The Roboflow team decided to run the test with a no code object recognition task. They used the 121,444 image Microsoft COCO object detection dataset, then exported the assets using Roboflow software to convert it to Create ML format. They ran the CreateML software using a YOLOv2 object detection model over 5,000 epochs with a 32 batch size.

The COCO dataset used is a large image database of objects that should be easily recognizable by a 4-year old, and is used to test machine learning algorithms. YOLOv2 is a type of image recognition that uses boundary boxes to show where an object is in an image. An epoch is one cycle of a test and a batch size is the number of objects run though each cycle.

Basically, the computers will be shown a series of images and have to decide what is being shown based on what it has learned from what it was shown previously. As it sees more images of a given object it will get more accurate at identifying that object in other random images.

The results:

  • The M1 based MacBook took 149 minutes to finish the test with 8% GPU utilization
  • The MacBook running the Intel Core i5 took 542 minutes to run the test, though didn't use the Intel Iris Plus Graphics 645
  • The MacBook running the Intel Core i9 with Radeon Pro took 70 minutes and utilized 100% of the GPU during the test

The team notes that CreateML was able to use 100% of the discrete Radeon GPU but didn't bother using the Intel Iris at all and only 8% of the integrated M1 GPU. This affected the time and likely is due to Apple needing to further optimize the toolset for the M1 processor.

Based on this benchmark, the Apple M1 is 3.64 times as fast as the Intel Core i5. However, the M1 machine is not fully utilizing its GPU and — so far — underperforms the i9 with discrete graphics.

Apple is expected to continue optimizing its CreateML framework and is working with TensorFlow to properly port their toolset to M1. Future M-series processors may have even more powerful neural engines and processors as rumors already indicate a 32-core M-series chip could be in a future desktop Mac.



16 Comments

tipoo 14 Years · 1122 comments

>149 minutes 
>70 minutes

2.2x slower doesn't sound "nearly as fast" as the 16. The low GPU utilization is because ML tasks are automatically dispatched to the neural engine instead. 

yeldarby 4 Years · 3 comments

tipoo said:
>149 minutes 
>70 minutes

2.2x slower doesn't sound "nearly as fast" as the 16. The low GPU utilization is because ML tasks are automatically dispatched to the neural engine instead. 

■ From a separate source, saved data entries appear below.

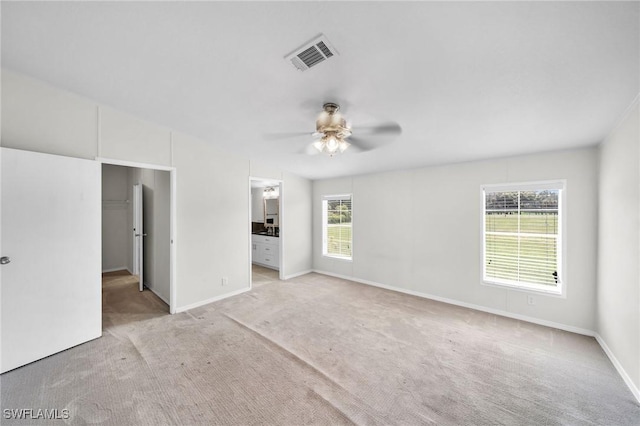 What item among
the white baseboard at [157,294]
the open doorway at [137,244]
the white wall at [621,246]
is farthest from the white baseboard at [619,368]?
the white baseboard at [157,294]

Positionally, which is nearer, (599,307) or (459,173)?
(599,307)

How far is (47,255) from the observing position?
8.20 feet

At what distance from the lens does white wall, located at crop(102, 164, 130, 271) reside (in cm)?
608

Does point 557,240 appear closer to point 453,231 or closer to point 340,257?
point 453,231

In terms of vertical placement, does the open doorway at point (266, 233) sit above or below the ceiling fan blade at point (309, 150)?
below

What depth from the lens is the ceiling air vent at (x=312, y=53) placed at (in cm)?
174

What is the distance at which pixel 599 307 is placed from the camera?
2.85 metres

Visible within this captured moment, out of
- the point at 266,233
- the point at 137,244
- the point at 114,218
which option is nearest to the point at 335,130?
the point at 137,244

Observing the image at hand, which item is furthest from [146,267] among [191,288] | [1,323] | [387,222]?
[387,222]

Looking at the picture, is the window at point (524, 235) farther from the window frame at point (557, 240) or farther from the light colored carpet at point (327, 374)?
the light colored carpet at point (327, 374)

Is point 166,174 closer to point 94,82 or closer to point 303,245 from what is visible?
point 94,82

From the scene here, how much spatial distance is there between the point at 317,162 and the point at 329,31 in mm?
2982

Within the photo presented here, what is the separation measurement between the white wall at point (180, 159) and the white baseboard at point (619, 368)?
4781 millimetres

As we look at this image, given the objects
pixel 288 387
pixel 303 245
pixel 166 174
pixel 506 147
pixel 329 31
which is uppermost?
pixel 329 31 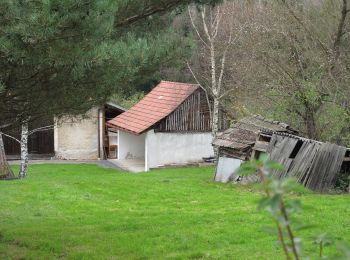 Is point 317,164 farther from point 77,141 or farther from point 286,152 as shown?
point 77,141

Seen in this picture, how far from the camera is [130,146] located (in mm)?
30766

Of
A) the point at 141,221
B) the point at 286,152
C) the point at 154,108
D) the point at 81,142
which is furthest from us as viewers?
the point at 81,142

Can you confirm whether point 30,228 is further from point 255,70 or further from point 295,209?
point 255,70

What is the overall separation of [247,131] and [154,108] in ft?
31.5

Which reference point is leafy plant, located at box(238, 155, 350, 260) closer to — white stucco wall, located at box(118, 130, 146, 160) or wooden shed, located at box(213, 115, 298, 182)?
wooden shed, located at box(213, 115, 298, 182)

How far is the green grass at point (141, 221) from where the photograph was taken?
8.09 meters

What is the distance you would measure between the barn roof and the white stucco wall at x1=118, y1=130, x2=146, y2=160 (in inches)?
444

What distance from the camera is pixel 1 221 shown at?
1070cm

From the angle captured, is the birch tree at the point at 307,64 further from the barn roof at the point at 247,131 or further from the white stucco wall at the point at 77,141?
the white stucco wall at the point at 77,141

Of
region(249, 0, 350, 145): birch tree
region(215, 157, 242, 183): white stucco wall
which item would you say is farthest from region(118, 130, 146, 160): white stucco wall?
region(249, 0, 350, 145): birch tree

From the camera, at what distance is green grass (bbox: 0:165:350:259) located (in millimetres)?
8094

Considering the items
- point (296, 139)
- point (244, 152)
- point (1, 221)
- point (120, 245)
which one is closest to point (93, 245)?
point (120, 245)

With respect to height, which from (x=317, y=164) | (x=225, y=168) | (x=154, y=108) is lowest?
(x=225, y=168)

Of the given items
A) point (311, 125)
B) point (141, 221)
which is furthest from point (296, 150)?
point (141, 221) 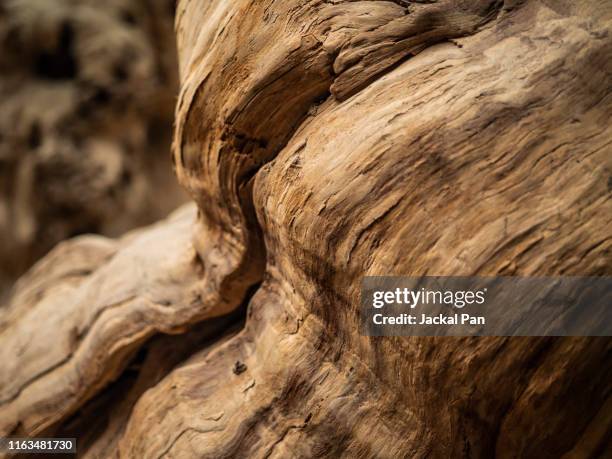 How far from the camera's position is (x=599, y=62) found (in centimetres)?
77

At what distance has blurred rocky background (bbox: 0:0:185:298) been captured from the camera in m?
2.56

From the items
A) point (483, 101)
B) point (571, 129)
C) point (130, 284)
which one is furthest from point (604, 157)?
point (130, 284)

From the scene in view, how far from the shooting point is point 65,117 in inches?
101

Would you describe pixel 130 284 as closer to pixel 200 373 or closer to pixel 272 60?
pixel 200 373

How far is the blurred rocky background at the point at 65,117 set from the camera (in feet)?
8.41

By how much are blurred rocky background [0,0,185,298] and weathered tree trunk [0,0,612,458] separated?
164cm

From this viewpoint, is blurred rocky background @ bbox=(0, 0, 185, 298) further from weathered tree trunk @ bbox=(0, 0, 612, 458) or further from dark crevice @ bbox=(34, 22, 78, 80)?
weathered tree trunk @ bbox=(0, 0, 612, 458)

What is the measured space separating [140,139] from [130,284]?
5.86ft
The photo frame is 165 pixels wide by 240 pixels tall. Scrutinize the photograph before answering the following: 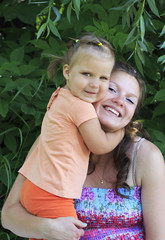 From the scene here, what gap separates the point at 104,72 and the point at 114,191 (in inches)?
25.2

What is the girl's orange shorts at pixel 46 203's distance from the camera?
1.76 metres

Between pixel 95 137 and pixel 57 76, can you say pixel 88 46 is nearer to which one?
pixel 95 137

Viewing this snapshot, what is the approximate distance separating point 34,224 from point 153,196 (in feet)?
1.88

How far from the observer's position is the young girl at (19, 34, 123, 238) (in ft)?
5.61

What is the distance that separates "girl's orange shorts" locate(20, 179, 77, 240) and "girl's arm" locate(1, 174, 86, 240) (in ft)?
0.08

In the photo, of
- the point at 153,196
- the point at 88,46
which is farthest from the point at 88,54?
the point at 153,196

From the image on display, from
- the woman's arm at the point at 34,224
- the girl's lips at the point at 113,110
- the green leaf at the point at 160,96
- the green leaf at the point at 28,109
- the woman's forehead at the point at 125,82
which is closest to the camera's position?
the woman's arm at the point at 34,224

Hi, I'm one of the ones that helped with this benchmark. That's almost certainly not the case; if it was, you would expect the CPU to also be largely idle as it is with GPU-constrained training but it was pegged between 150%-250% on the M1 for the duration of training. Leads me to strongly believe there is more optimization yet to be done to adapt the CPU part of the pipeline for the new architecture and that this will get much better over time.

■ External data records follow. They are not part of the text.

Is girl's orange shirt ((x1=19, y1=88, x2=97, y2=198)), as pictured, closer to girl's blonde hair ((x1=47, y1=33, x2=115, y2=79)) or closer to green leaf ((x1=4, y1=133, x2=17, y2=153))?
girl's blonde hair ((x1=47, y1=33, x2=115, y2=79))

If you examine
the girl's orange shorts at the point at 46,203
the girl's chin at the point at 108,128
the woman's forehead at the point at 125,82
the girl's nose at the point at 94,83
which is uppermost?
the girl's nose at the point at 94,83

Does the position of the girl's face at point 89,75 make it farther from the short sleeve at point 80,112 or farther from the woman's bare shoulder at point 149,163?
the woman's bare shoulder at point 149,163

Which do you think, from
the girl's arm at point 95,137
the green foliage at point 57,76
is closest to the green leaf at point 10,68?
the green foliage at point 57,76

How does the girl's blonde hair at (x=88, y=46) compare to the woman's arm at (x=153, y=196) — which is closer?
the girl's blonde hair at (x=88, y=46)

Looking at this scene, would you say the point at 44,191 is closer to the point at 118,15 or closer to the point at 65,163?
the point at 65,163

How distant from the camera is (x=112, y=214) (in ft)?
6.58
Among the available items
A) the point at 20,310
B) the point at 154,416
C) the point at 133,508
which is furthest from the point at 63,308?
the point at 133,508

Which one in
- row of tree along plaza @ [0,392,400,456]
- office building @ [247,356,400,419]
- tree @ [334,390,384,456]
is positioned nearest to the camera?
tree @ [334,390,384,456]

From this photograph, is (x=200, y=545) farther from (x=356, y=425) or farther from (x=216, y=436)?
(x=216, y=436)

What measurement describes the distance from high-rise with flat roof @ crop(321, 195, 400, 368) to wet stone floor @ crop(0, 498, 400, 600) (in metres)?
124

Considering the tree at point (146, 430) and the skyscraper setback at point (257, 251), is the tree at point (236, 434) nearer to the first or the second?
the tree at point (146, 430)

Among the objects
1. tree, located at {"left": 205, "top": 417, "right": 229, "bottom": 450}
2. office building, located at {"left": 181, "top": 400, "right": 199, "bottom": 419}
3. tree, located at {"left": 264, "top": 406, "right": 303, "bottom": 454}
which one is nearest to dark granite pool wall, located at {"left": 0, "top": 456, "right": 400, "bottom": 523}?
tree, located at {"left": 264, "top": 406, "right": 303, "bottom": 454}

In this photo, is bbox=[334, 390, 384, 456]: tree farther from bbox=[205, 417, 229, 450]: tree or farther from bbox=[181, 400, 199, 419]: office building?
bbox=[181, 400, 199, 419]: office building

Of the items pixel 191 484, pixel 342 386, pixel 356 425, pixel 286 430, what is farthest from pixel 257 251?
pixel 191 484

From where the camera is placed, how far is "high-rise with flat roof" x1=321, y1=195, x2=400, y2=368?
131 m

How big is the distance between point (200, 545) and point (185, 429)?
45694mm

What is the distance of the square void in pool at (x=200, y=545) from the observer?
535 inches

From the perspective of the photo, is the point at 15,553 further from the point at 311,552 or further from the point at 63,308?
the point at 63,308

mjtomlin 20 Years · 2690 comments

tipoo said:
>149 minutes 
>70 minutes

2.2x slower doesn't sound "nearly as fast" as the 16. The low GPU utilization is because ML tasks are automatically dispatched to the neural engine instead. 

I believe, the ANE is optimized for running ML models, not training them. The ML accelerators would be more suited for that. And I'm pretty sure those accelerators are in the CPU as an extension of the ARMv8 ISA.

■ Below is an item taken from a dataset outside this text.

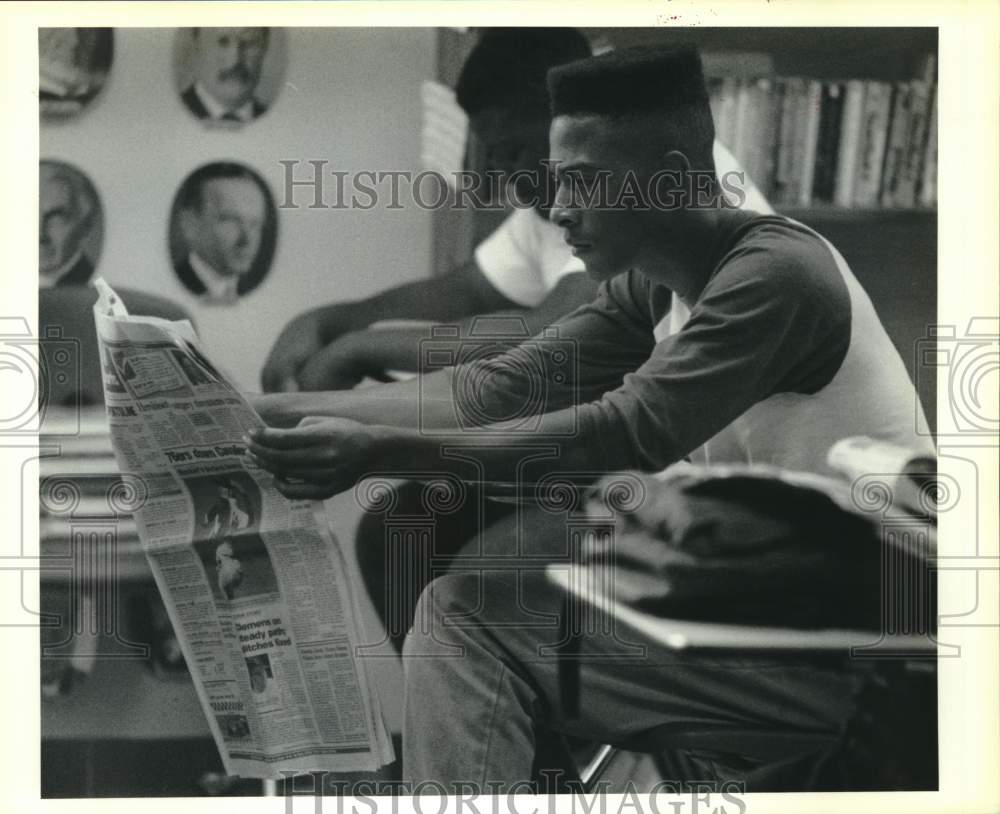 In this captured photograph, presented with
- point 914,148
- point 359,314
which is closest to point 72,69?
point 359,314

tjwolf 12 Years · 423 comments

What was the memory utilization during this?  I know nothing of ML, but I'd think reading/analyzing images is an inherently memory-intensive task.   If so, not sure what comparing an 8gb M1 Mac with a 16gb Mac w. separate GPUs reveals.

alphafox 11 Years · 132 comments

So the M1 used its neural accelerator but the i5 was running in software on the CPU only? How are these results compatible at all?